27. The optical assembly of any of the preceding claims, wherein the support structure comprises a seal configured to seal a fluid or gel in at least part of the deformable optical element.

28. The optical assembly of any of the preceding claims, wherein the support structure comprises a biasing means for biasing the first part and movable part into engagement.

29. The optical assembly of any of the preceding claims, wherein the optical element is a deformable lens and the primary axis is an optical axis.

30. The optical assembly of any of claims 1 to 28, wherein the optical element is a deformable mirror.

31. The optical assembly of any preceding claim, wherein a component of the optical assembly comprises a plurality of teeth each defining a respective angled surface which is at an acute, non-zero angle to the primary axis.

32. The optical assembly of claim 31, wherein the component is the first part or the movable part.

33. The optical assembly of claim 31 or claim 32, wherein the component comprises ten or more teeth, optionally twenty or more teeth, optionally fifty or more teeth.

34. The optical assembly of claim 1, wherein the actuator assembly is configured to rotate the first part about an axis perpendicular to the primary axis.

35. An optical assembly comprising: a deformable optical element defining a primary axis; an actuator assembly configured to deform the deformable optical element, the actuator assembly comprising: a support structure; a first part which is coupled to the deformable optical element and which is movable relative to the support structure; and a shape memory alloy (SMA) element configured to drive movement of the first part relative to the support structure to deform the deformable optical element.

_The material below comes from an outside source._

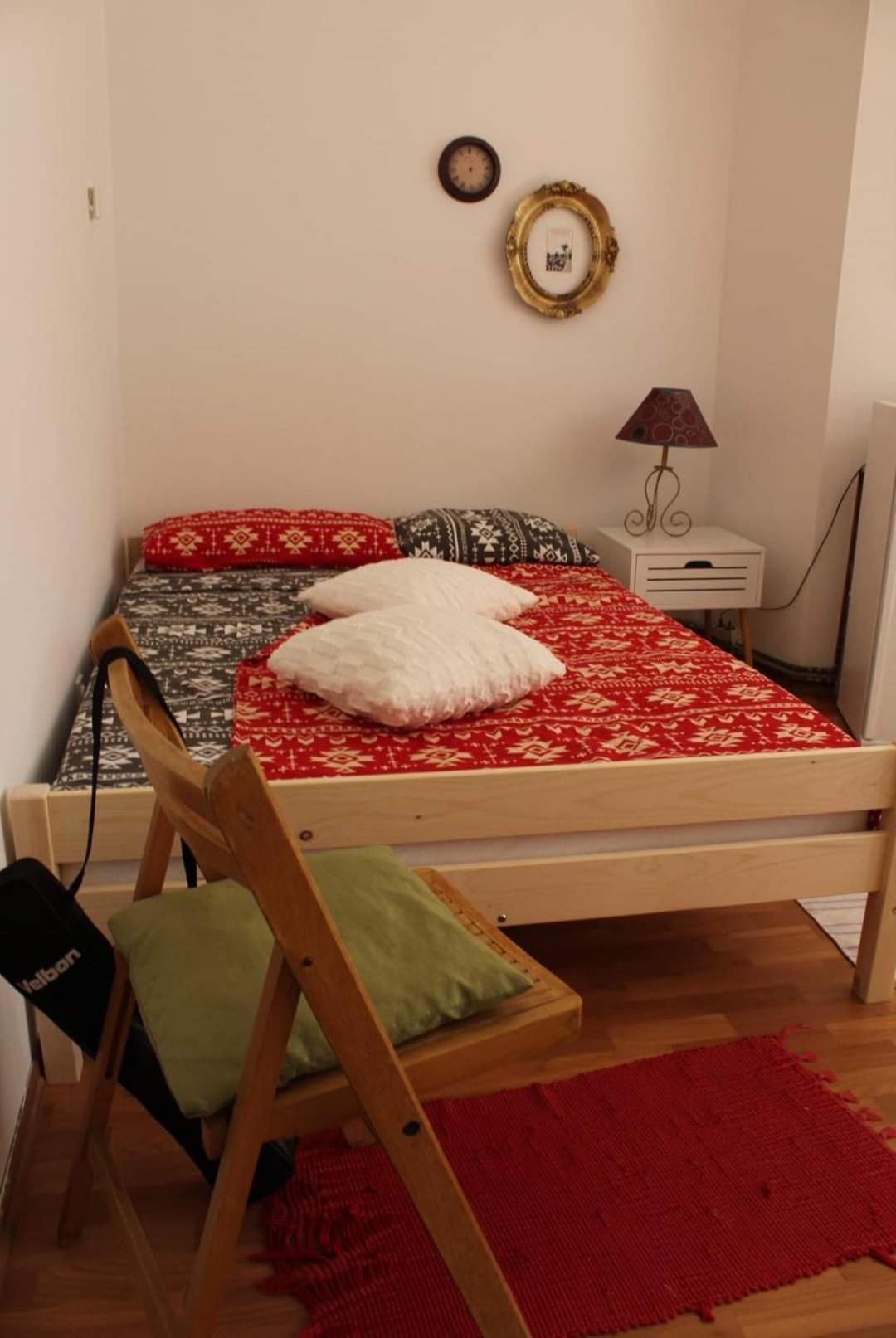 Cheyf In Mahala Apartma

36. The optical assembly of claim 35 configured so as to retain the first part in position with respect to the support structure when the SMA element is unpowered.

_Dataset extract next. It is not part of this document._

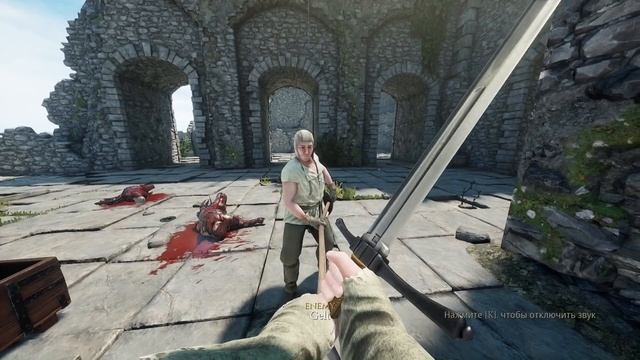 MORDHAU - ГАЙД ПО СНАРЯЖЕНИЮ И ПЕРКАМ | ЛУЧШИЙ БИЛД ДЛЯ НОВИЧКА (ОТ КУРОЩУПА ДО ШЕВАЛЬЕ № 2) смотреть онлайн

37. The optical assembly of claim 35 or 36, wherein the SMA element is attached to the first part or wherein the SMA element is hooked over a portion of the first part.

38. The optical assembly of any of claims 35 to 37 comprising a bearing arrangement which is configured to guide movement of the first part with respect to the support structure.

39. The optical assembly of claim 38, wherein the SMA element is configured to drive movement of the first part in a direction perpendicular to the primary axis which is converted to movement of the first part along a direction having at least a component along the primary axis by the bearing arrangement.

40. The optical assembly of claim 38 or 39, wherein the bearing arrangement comprises one or more angled surfaces which are each at an acute, non-zero angle to the primary axis and which are each engaged with a respective engagement surface and wherein the SMA element is configured to drive movement of the one or more angled surfaces over the respective engagement surface(s) to move the first part relative to the support structure and deform the deformable optical element.

41. The optical assembly of any of claims 35 to 40 wherein the first part is coupled to a first deformable surface of the deformable optical element and wherein movement of the first part relative to the support structure deforms the first deformable surface and wherein the optical assembly comprises a second part which is coupled to a second deformable surface of the deformable optical element, different to the first deformable surface, and which is movable relative to the support structure, wherein movement of the second part relative to the support structure deforms the second deformable surface.

42. The optical assembly of any of claims 35 to 41 wherein the deformable optical element is a deformable lens.

43. A virtual reality headset comprising an optical assembly according to any of the preceding claims.

44. An augmented reality headset comprising an optical assembly according to any of claims1 to 42.

45. A pair of glasses comprising an optical assembly according to any of claims 1 to 42.